French President Emmanuel Macron will begin a diplomatic tour of Beijing with the aim of strengthening relations with China and dissuading President Xi Jinping from providing military aid to Russia. Macron’s visit comes as France prepares for the eleventh general strike against its controversial pension reform. Élysée sources say “China is the only country that can have an immediate impact on the conflict, in one way or another.” The objective of the state visit is to maintain a “constant dialogue” with China, which is a permanent member of the United Nations Security Council and an essential player on the international scene.
Macron plans to ask Xi Jinping for solutions to find a path “that leads to the end of the war in the medium term”. The president will meet with Xi Jinping on Thursday and also with the Chinese premier. The visit has an important economic component as well, with several meetings scheduled with Chinese investors. Macron will be accompanied by more than fifty businessmen or heads of national companies, such as Alstom, EDF or Airbus.
The Buck Stops
Apart from diplomatic issues, the visit has an important economic component, since it will include several meetings with Chinese investors. Macron, in fact, travels accompanied by more than fifty businessmen or heads of national companies, such as Alstom, EDF or Airbus.
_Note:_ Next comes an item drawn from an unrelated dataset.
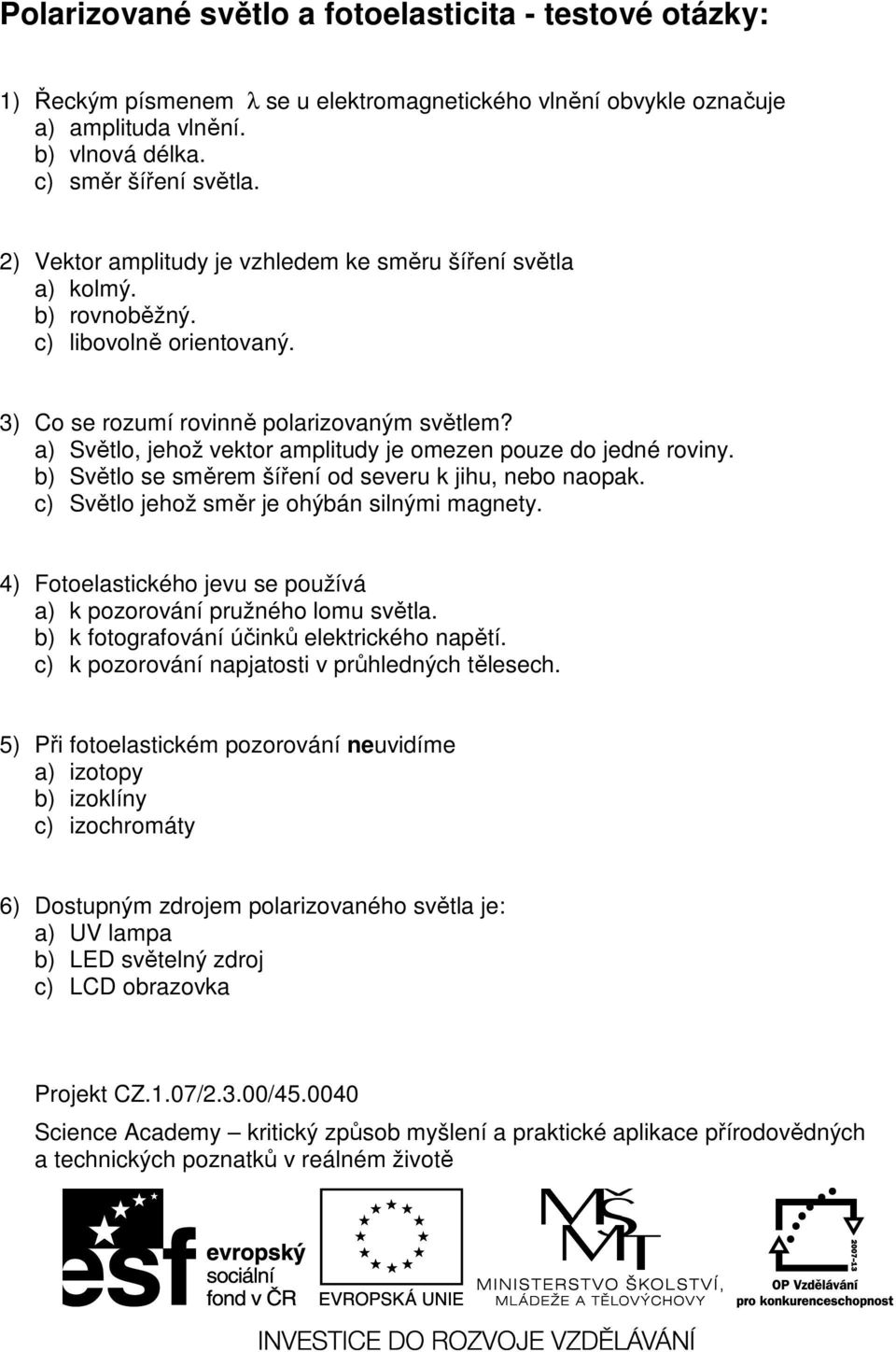 a) Světlo, jehož vektor amplitudy je omezen pouze do jedné roviny. b) Světlo se směrem šíření od severu k jihu, nebo naopak. c) Světlo jehož směr je ohýbán silnými magnety.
Meanwhile, Prime Minister Elisabeth Borne will hold a crucial meeting with French unions on Wednesday to seek a way out of the crisis arising from the pension reform. This is the first time that both parties have resumed dialogue since the law was approved in January. The unions have already insisted on their demand that the government withdraw the pension reform, but the Élysée has reiterated that this idea is not on the table. The law, which seeks to raise the retirement age from the current 62 years to 64, has unleashed a social and political crisis, especially after Macron, without a majority in the Assembly, decided to approve it by decree, without going through a vote of Parliament.
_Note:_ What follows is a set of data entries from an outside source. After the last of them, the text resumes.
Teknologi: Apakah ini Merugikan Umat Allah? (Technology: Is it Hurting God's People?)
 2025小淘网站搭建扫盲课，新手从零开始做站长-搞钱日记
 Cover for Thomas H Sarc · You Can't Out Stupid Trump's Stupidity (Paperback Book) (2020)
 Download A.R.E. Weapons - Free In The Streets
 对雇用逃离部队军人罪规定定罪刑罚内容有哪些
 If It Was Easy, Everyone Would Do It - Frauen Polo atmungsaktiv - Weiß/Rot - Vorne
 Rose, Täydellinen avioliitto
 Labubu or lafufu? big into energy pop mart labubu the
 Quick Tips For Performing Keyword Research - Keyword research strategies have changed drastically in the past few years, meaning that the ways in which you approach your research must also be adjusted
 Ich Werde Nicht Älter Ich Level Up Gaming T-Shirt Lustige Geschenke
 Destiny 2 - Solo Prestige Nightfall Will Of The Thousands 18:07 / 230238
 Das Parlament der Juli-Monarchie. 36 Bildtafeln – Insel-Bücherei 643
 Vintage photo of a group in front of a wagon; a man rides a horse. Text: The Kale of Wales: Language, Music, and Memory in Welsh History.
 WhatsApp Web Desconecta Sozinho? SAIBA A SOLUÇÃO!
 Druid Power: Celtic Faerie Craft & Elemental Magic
In conclusion, Macron’s visit to China has both diplomatic and economic goals. He aims to dissuade China from providing military aid to Russia, while also strengthening relations and exploring new economic opportunities with Chinese investors. At home, the prime minister is attempting to find a way out of the ongoing pension crisis by resuming dialogue with the French unions, but there are not many expectations for a resolution, as the unions continue to demand the withdrawal of the pension reform.